Recommended for ages 12+
The Suit includes content which younger audiences might find upsetting. Please contact us if you’d like more information.

Rosanna Irvine: Breath Pieces
23 June, 7:30pm, £12/£8

Breath Pieces is a new hybrid art work. Part performance, part installation, it comprises multiple components intermingling in an immersive experience of the breathing breath. It includes performance, sound, video, drawing and spoken text.

Breath and Drawing Workshop, 19 June, 10:30am, £5/£3
Join Rosanna Irvine to experiment with the durational drawing style used in the creation of Breath Pieces.Full information on our website.

Breath Pieces is a Tramway commission.

YDance: Project Y
25 July, 7:30pm, £7/£5
Group offer – buy 10 tickets, get the 11th FREE

A collection of four new and exhilarating contemporary dance works, created by top choreographers, and performed by some of the UK’s best young contemporary dancers.
The annual Project Y tour showcases the breath-taking talent of some of the UK’s best young contemporary dancers aged 16 to 21 upon completion of the Project Y Performance Course.

“Exceptional talent” (One Dance UK on Project Y 2017)

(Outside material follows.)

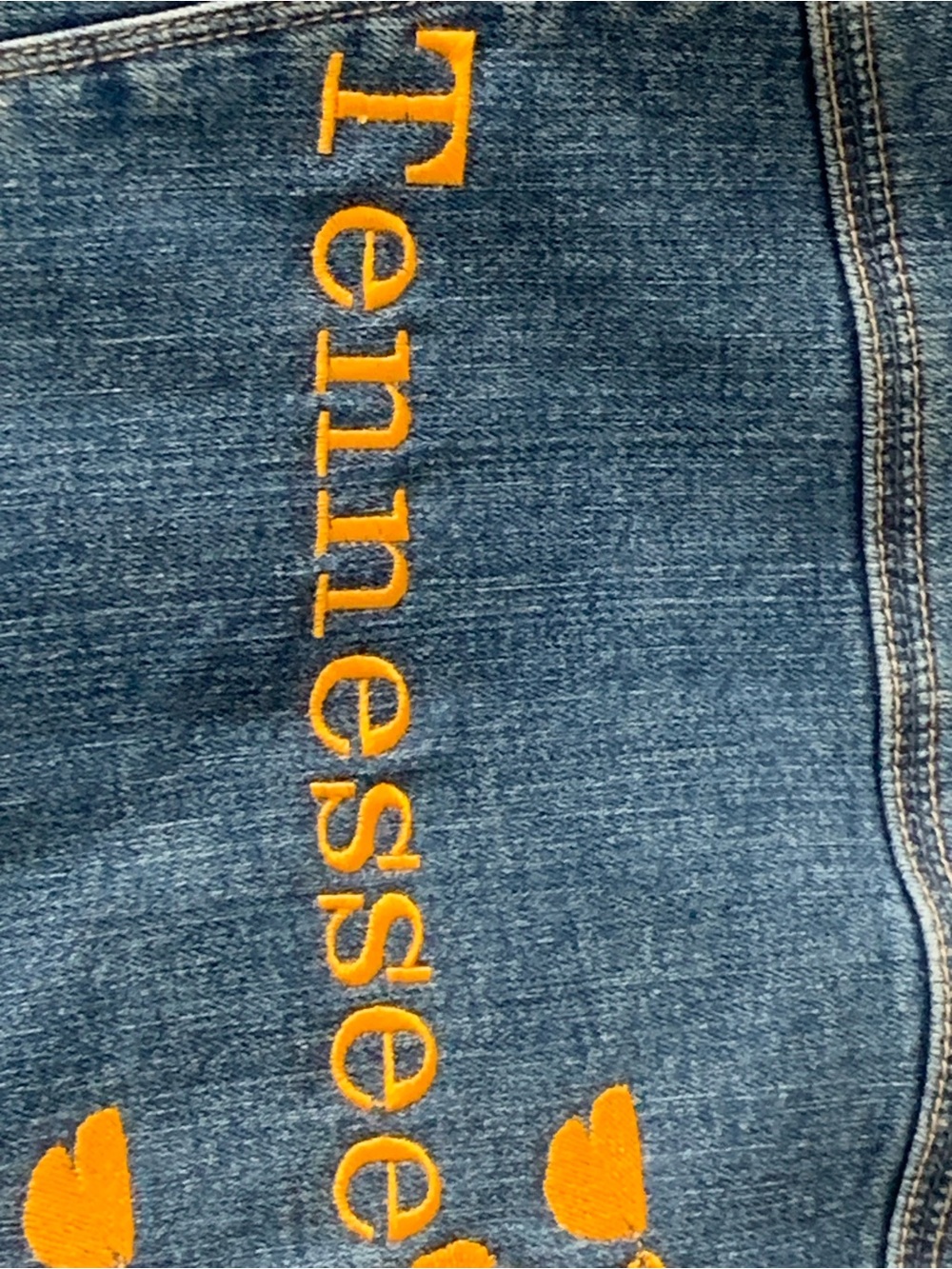 Embroidered Blue Denim Jacket with Tennessee Script - Picture 10 of 13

Junction 25 and Theater an der Parkaue: 1,210km
10 & 11 August, 7:30pm, £12.50/£9

1,210km is an explosive new show that will inspire, question and provoke. Award winning young performance companies from Berlin and Glasgow explore ideas of cross-cultural identity, connection and belonging as they ask the question: ‘what is the space between us?’

Junction 25 is co-produced by Glas(s) Performance and Tramway, and 1,210km is supported by Festival 2018 and The Goethe-Institut.

Take Part Highlights
Visit tramway.org/takepart for full information about these events and more

A Family Weekend (28 & 29 April), bursting with free creative activities, and our brand new Philosophy Club for ages 9-12 (meeting 23 & 30 May), are both inspired by Glasgow International 2018; and during our Children’s Exhibition, the Tramway Talk is Making Gallery Work for Young Audiences (23 August). Our regular classes also continue, including Junction 25, our youth drama group; movement for years 3-5 with Tramweans; and our visual art groups: Net Effect, for ages 16-25 and Time for Art (ages 55+).

Net Effect: Celebrate ART, 7 July
Join us for a large-scale installation and performance event from our visual art group for ages 16-25, featuring projection, sound, storytelling, printmaking and sculpture. Their exhibition can be seen until 26 August.

Part of Year of Young People 2018 supported by Event Scotland and Creative Scotland.